- TASK INPUTS:
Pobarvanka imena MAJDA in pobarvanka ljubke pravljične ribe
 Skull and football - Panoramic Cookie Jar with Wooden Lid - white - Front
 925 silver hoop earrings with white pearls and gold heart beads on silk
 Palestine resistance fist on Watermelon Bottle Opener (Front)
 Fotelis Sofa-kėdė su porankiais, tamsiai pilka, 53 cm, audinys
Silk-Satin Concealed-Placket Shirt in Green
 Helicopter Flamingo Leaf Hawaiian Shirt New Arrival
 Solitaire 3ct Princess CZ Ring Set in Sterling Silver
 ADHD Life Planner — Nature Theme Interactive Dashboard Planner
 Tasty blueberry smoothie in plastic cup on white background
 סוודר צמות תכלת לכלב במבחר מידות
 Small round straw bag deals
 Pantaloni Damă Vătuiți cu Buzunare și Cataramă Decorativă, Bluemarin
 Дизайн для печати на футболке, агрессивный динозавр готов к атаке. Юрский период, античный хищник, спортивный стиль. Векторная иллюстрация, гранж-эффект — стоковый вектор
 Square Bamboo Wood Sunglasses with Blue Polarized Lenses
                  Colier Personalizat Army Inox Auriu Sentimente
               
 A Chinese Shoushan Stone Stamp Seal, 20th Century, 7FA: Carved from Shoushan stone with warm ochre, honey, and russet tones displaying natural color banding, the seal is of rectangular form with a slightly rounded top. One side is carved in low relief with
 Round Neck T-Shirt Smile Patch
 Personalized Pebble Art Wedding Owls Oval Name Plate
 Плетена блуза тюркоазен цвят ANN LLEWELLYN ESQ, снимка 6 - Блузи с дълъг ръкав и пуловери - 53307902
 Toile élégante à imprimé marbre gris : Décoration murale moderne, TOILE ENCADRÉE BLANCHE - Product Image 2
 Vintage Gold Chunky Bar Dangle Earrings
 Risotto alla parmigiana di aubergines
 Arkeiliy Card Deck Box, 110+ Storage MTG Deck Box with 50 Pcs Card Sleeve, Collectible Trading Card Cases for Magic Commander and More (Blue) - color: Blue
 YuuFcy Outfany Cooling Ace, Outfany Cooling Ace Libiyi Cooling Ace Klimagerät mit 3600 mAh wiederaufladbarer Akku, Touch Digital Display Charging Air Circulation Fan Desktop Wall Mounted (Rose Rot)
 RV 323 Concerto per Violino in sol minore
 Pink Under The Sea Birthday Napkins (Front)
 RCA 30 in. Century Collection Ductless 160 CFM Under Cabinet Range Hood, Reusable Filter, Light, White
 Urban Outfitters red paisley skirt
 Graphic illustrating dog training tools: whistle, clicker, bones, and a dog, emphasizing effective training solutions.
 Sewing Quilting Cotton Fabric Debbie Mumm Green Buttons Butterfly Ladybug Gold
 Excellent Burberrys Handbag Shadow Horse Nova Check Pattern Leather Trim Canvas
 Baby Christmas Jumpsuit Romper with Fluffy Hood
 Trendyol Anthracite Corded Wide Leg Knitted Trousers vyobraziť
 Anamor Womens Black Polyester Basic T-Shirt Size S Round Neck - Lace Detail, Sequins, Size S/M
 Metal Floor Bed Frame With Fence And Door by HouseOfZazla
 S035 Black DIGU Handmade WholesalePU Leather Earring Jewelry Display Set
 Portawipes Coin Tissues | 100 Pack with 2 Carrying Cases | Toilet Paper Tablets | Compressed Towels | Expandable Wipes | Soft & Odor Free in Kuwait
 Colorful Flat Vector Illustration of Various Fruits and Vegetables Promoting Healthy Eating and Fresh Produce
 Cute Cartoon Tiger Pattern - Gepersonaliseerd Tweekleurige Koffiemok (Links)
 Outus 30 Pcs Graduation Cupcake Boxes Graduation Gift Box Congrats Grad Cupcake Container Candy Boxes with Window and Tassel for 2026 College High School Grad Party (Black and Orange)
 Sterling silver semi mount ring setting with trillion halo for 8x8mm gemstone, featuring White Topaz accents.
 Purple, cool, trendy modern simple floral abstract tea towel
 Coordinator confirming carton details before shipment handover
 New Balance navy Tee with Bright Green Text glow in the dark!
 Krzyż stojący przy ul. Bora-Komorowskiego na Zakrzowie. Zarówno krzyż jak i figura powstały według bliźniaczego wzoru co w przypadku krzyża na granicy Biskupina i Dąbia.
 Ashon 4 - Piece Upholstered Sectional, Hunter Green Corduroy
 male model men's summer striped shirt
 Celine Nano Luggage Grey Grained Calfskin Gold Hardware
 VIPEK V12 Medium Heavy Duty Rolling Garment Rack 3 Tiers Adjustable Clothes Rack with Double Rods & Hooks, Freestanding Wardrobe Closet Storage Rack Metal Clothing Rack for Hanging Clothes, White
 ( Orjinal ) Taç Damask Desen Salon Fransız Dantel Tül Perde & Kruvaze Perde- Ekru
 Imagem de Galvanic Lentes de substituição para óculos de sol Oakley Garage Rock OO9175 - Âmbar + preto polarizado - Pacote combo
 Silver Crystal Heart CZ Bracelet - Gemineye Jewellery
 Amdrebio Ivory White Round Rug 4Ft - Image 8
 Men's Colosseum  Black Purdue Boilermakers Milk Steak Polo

- WORK REQUEST: The lines to copy run from the first line of the entries to the line containing "Palestine resistance fist"; copy them exactly and output nothing else.

- ANSWER SECTION:
Pobarvanka imena MAJDA in pobarvanka ljubke pravljične ribe
 Skull and football - Panoramic Cookie Jar with Wooden Lid - white - Front
 925 silver hoop earrings with white pearls and gold heart beads on silk
 Palestine resistance fist on Watermelon Bottle Opener (Front)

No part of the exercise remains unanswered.